Popularity can shift daily or even hourly, but it can also be a relatively stable phenomenon. Some companies are inherently attractive or popular, while others remain uninteresting for long periods of time. Some companies have characteristics that investors seem to like, such as a great story behind them with exciting prospects ahead. Other companies plug along with good results but do not inspire the imagination of investors. These boring or even unattractive companies will have lower valuations, and thus higher costs of capital, than the popular companies. We assert it is strategies built on these overlooked stocks, however, even if such strategies appear to underdeliver day to day, that perform the best over the long run.
Recognizing that popularity can affect pricing does not necessarily lead to immediate excess returns. Rather, popularity is usually associated with valuation, an indicator of long-term future performance rather than a predictor of short-term or technical supply/demand imbalances. Benjamin Graham (2006) noted this aspect long ago in his book The Intelligent Investor :
Buying a neglected and therefore undervalued issue for profit generally proves to be a protracted and patience-trying experience. And selling short a too popular and therefore overvalued issue is apt to be a test not only of one’s courage and stamina, but also of the depth of one’s pocketbook. (pp. 31–32)
This book is based on the insight that Graham and others have always had—namely, that popularity affects security prices and thus expected returns. Whereas Graham focused on mispricing, we focus on long-run premiums. Relative popularity is driven by the collective wisdom—or perhaps not-so-wise collective opinion—of the crowd/investors, so going against the collective wisdom that drives popularity is inherently contrarian. We show that popularity is a broad umbrella under which nearly all market premiums and anomalies, including the classic value and small-cap anomalies, fall. We show this by drawing from both classical and behavioral finance to extend existing asset pricing models to include any security characteristic that investors might care about.
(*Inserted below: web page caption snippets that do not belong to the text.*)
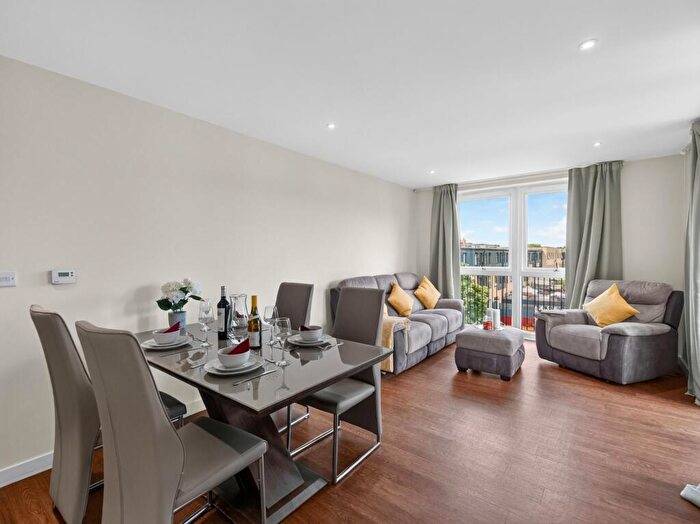 2 Bedroom Flat For Sale In Hitchin Lane, Stanmore, HA7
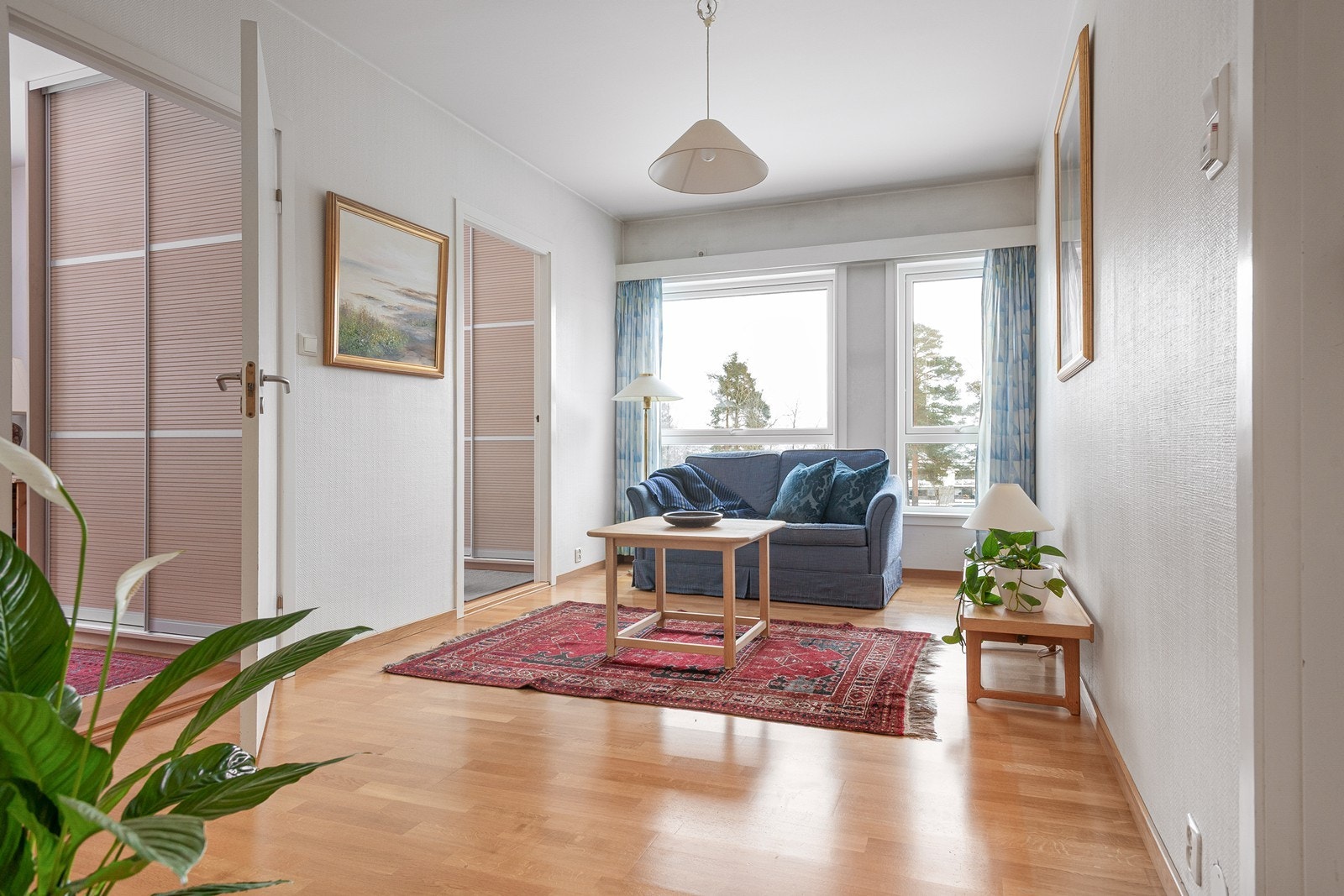 TV- stue med store vindusflater og inngang til både hallen, kjøkken, de 2 soverommene og bad 2 Galleribilde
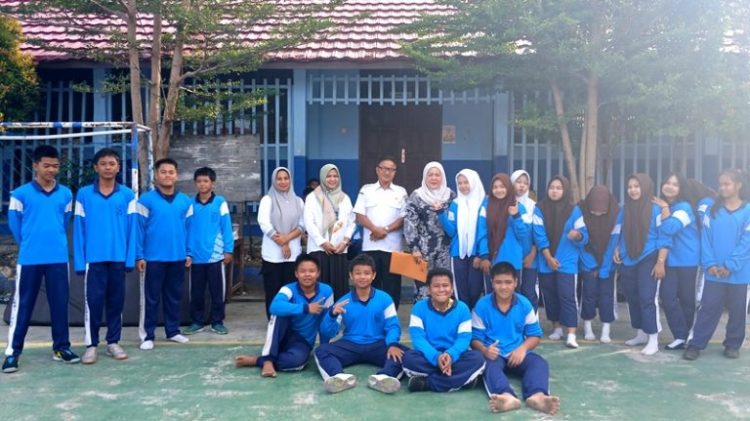DPRD Barut Melakukan Kunker Ke SMP Negeri 2 Muara Teweh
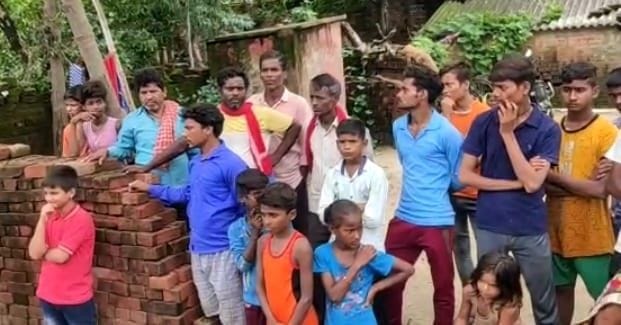 Double Murder for six inches of land now buried together in deoria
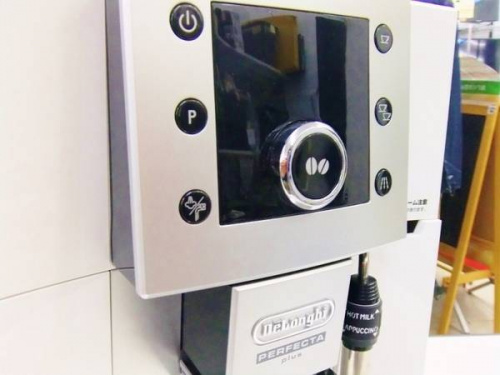 コーヒーメーカーのDeLonghi(デロンギ)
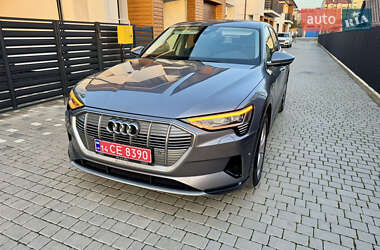 Внедорожник / Кроссовер Audi e-tron 2020 в 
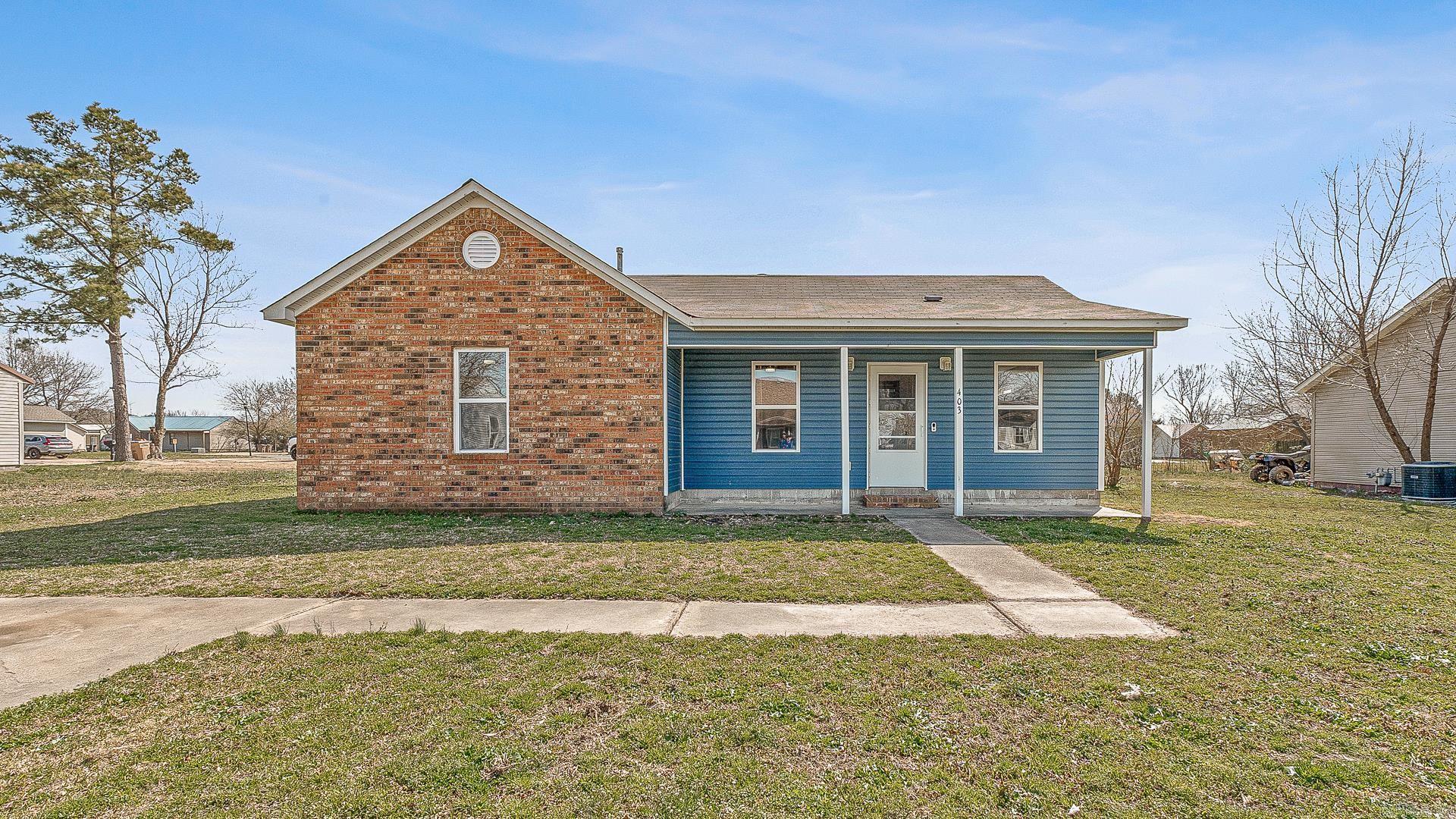 403  Jones  Harrisburg, AR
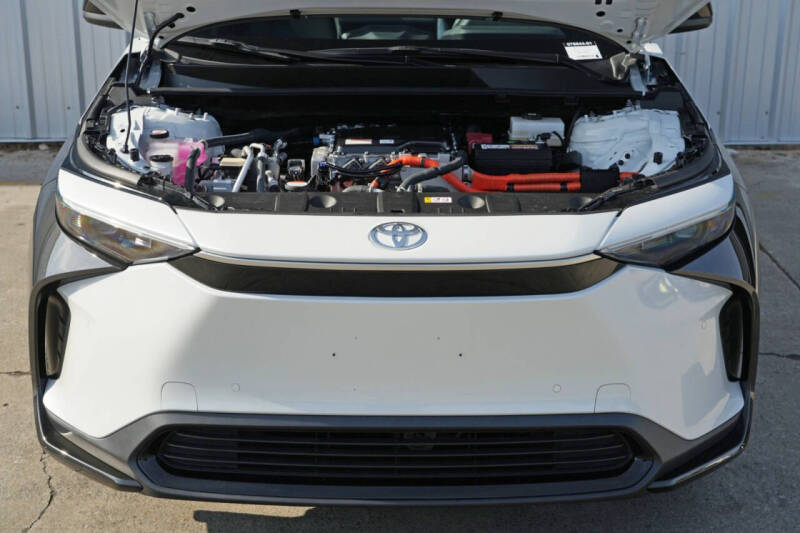 2024 Toyota bZ4X XLE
The capital asset pricing model (CAPM), which has dominated finance for the last 50 or more years, is simple and elegant. It is an equilibrium model built on neoclassical economics. From a practitioner perspective, it is extremely simple to apply. The CAPM ignores the insights of behavioral finance, however, and in numerous and systematic ways fails to accurately model asset prices. 4 In this book, we move from an intuitive understanding of popularity to, first, a framework for understanding how popularity predicts the direction of various premiums and anomalies relative to the CAPM and, eventually, to the development of a formal asset pricing model that incorporates the central idea of popularity, which we call the “p opularity a sset p ricing m odel” (PAPM).
Finally, for the popularity framework to be useful, it should not only be consistent with existing well-known empirical results. It should also predict premiums and anomalies that have not been considered before as priced characteristics. Examples of such characteristics are a company’s brand, reputation, and perceived competitive advantage. In this book, we show empirically that these characteristics are priced.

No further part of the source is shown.